(Stored data entries)
=== Begin Enclosure ===

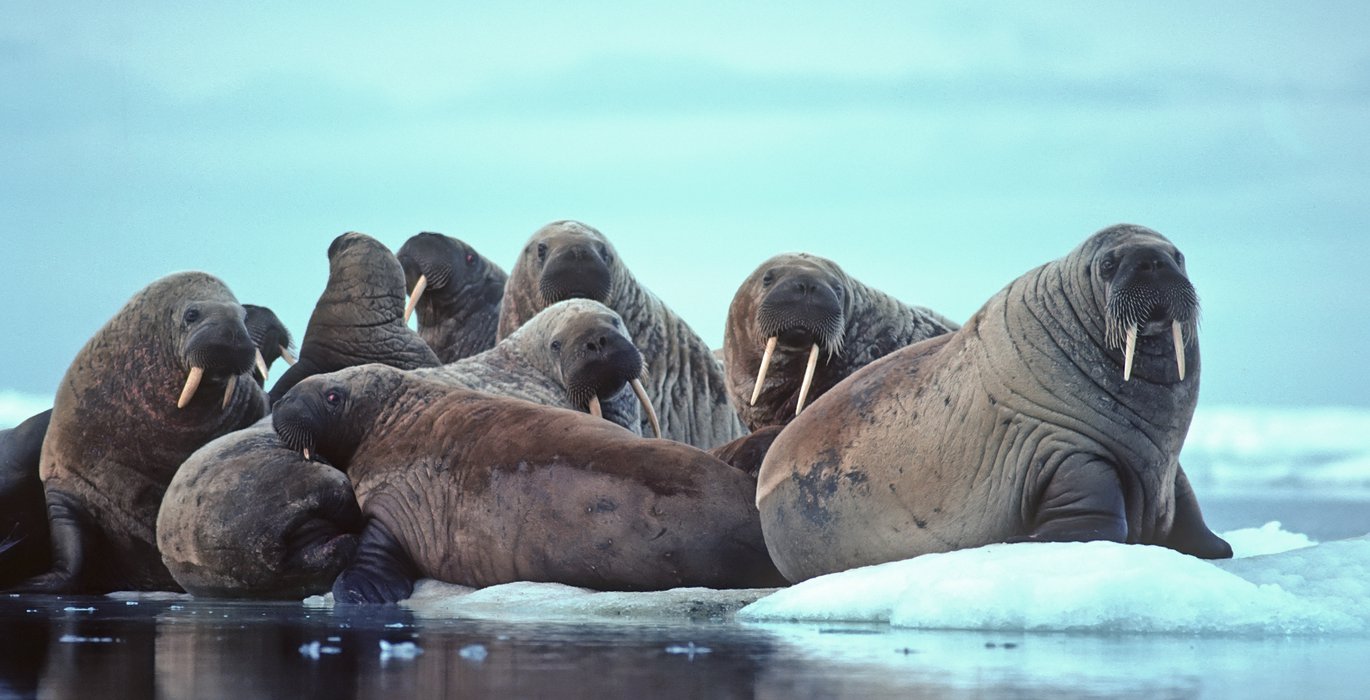 The Grim Reaper of the Arctic Ocean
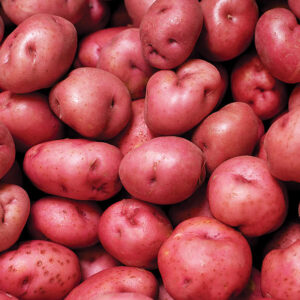 What Kind Of Potato Are You? Quiz Red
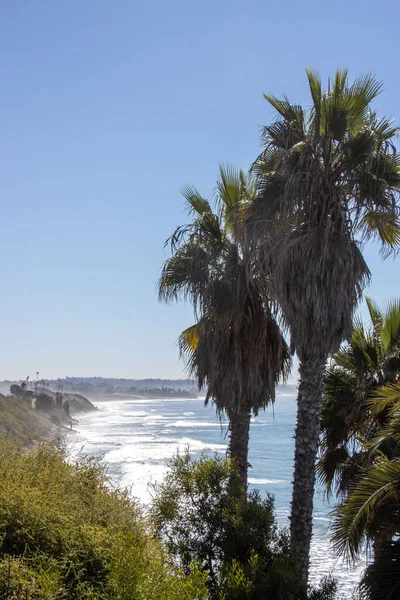 Surfen Bij Swamis San Diego — Stockfoto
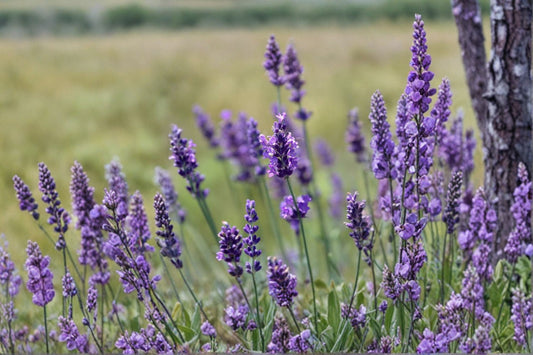 2 Provence Lavender Live Plant Plugs – 2–4" Tall – Lavandula × intermedia 'Provence'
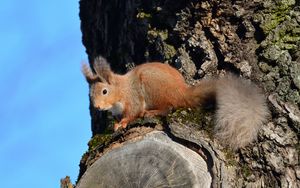 Preview wallpaper squirrel, animal, tree, bark, wildlife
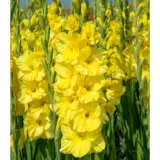 Gladioli Bra Val Pkglabva - Garden Express Australia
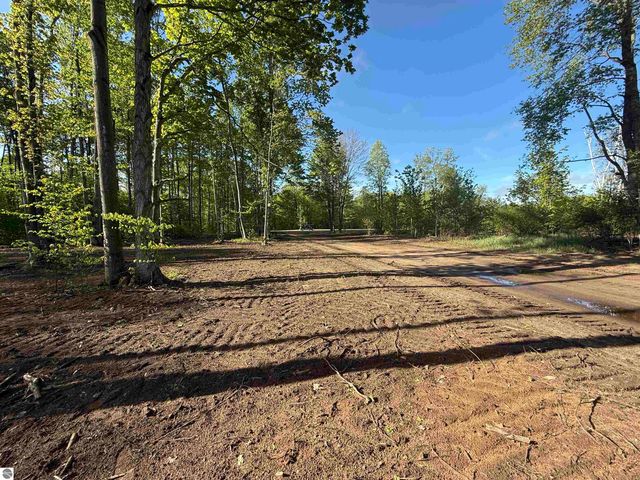 1155 E Solaris Way, Maple City, MI 49664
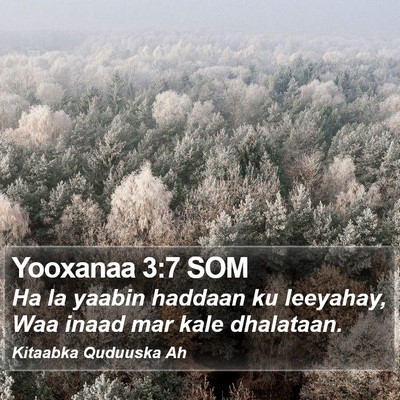 Yooxanaa 3:7 SOM Bible Verse Image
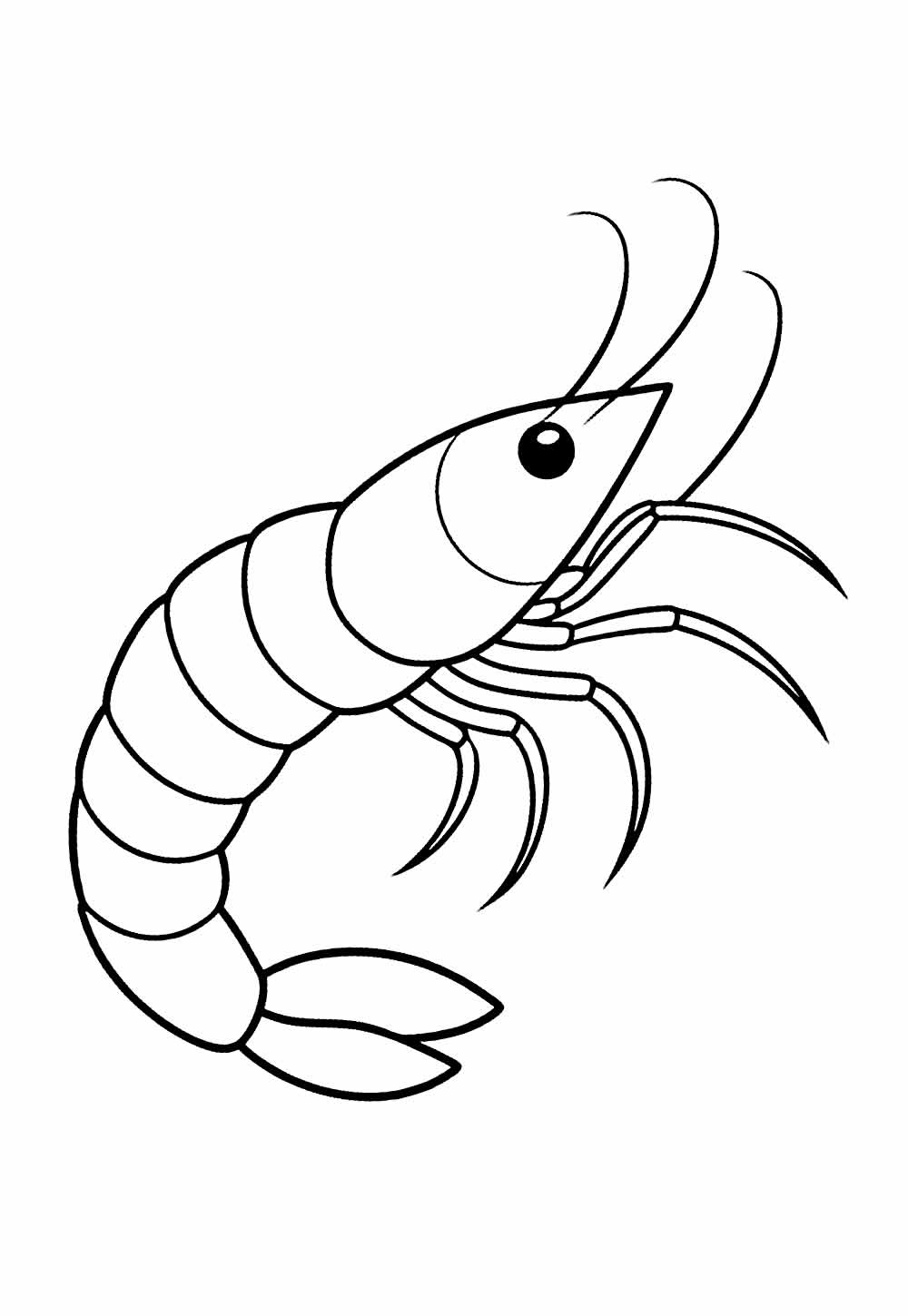 Desenho de Camarão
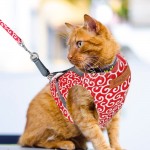 Ensemble harnais et laisse pour chat harnais anti-évasion pour promener harnais doux et respirant pour petit chien harnais léger pour animal domestique XS rouge
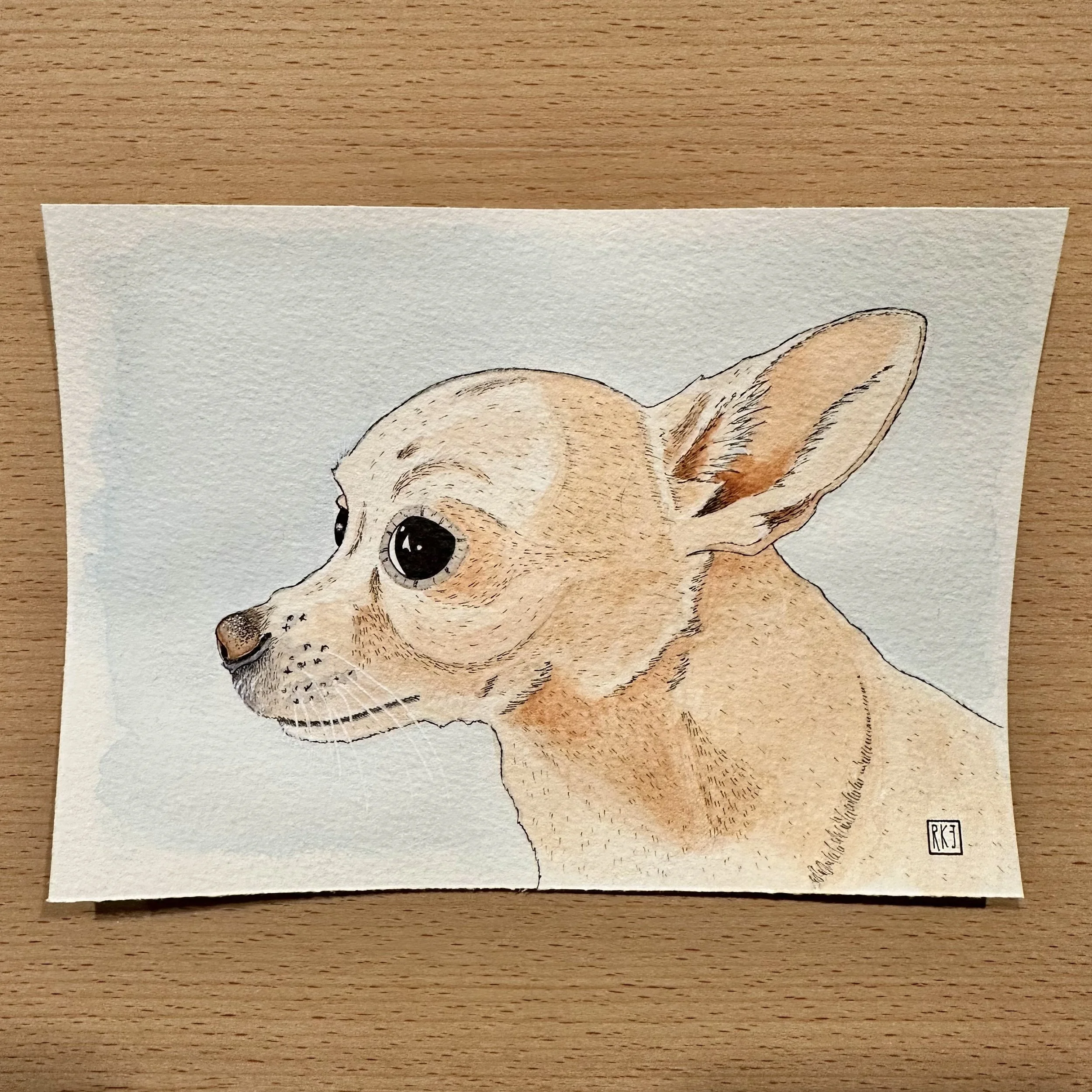 Leia - A Pup Portrait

=== End Enclosure ===

[Work instruction] Transcribe exactly and only the lines from the top of the records through the line containing "Preview wallpaper squirrel, animal, tree, bark, wildlife", inclusive, and do not copy the pictures.

[Expected answer]
 The Grim Reaper of the Arctic Ocean
 What Kind Of Potato Are You? Quiz Red
 Surfen Bij Swamis San Diego — Stockfoto
 2 Provence Lavender Live Plant Plugs – 2–4" Tall – Lavandula × intermedia 'Provence'
 Preview wallpaper squirrel, animal, tree, bark, wildlife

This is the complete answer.